Die Beherrschung der Aktiengesellschaft. Politische Ökonomie, Gesetze, Statuten und die wirtschaftlichen Effekte von Corporate Governance in Deutschland, ca. 1860-1940
Zusammenfassung der Projektergebnisse
Im Verlauf des Projekts haben wir einerseits die Entstehung von Aktienrechtsreformen im politischen Prozess und andererseits die Umsetzung von Rechtsnormen auf Unternehmensebene untersucht. Insbesondere wurde der Wandel der gesetzlichen Regeln der Unternehmenskontrolle als Ergebnis von Verhandlungen zwischen mit Vetomacht ausgestatteten Eliten interpretiert. Die Eliten handelten in einem gegeben politischen Rahmen (Kaiserreich, Weimarer Republik, "Drittes Reich"), waren durch Umwelteinflüsse (z.B. Gründerkrach, Hyperinflation, Weltwirtschaftskrise) beeinflusst und dem Wirken von Advokatenkoalitionen (z.B. Lobbyisten, Wissenschaftler) ausgesetzt. Empirisch konnte gezeigt werden, dass de jure und de facto Vetomacht auseinanderfielen, dass neben dem wirtschaftlichen Eigeninteresse auch rechtsmoralische Überzeugungen von Advokatenkoalitionen eine Rolle spielte und dass Reformen tendenziell die Aktionärsrechte ausweiteten. Zudem konnten wir die These, dass im Kaiserreich moderne, demokratische Kräfte wirkten, belegen und wir konnte zeigen, dass sich die politische Macht und die Aktionen der Advokatenkoalitionen zunehmend Richtung Reichstag und Reichsverwaltung verschoben. Demgegenüber verloren Bundesstaaten und Bundesrat an Einfluss, d.h. das föderale Element wurde zurückgedrängt. Auf der Mikroebene wurde für vier Unternehmen (Deutsche Bank, Berliner Handelsgesellschaft, Siemens, AEG) geprüft, wann und inwieweit gesetzliche Vorgaben in den Unternehmensstatuten umgesetzt worden sind und ob Gestaltungsspielräume genutzt worden sind. Des Weiteren haben wir nicht nur die leitenden Akteure (Vorstand, Aufsichtsrat), sondern auch die aktiven Aktionäre identifiziert und untersucht, welche Konflikte bei hochrelevanten unternehmerischen Entscheidungen aufgetreten sind. Dabei nahmen wir Kapitalerhöhungen in den Blick.
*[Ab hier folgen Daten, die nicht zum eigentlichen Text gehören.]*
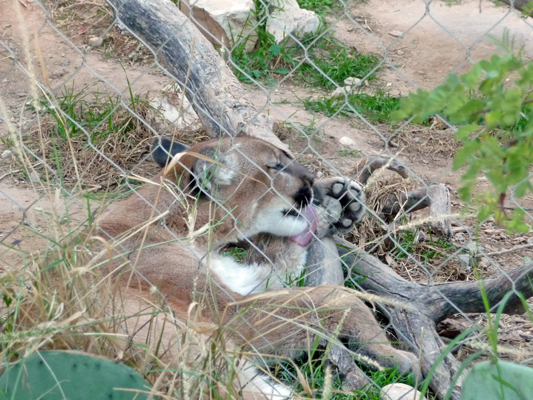 Cougar Living Desert Zoo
Wir haben untersucht, ob Aktionärsrechte beachtet worden sind und, ob Aktionäre Einwände gegen Vorschläge der Unternehmensleitung erhoben haben. Es lässt sich feststellen, dass Aktionärsrechte beeinträchtigt worden sind, beispielsweise durch Ausschluss von Bezugsrechten oder ungünstigen Bezugskursen, dies aber in nahezu allen Fällen von den aktiven Aktionären akzeptiert worden ist. Insgesamt zeigt sich somit, dass die Corporate Governance Beziehungen harmonisch waren.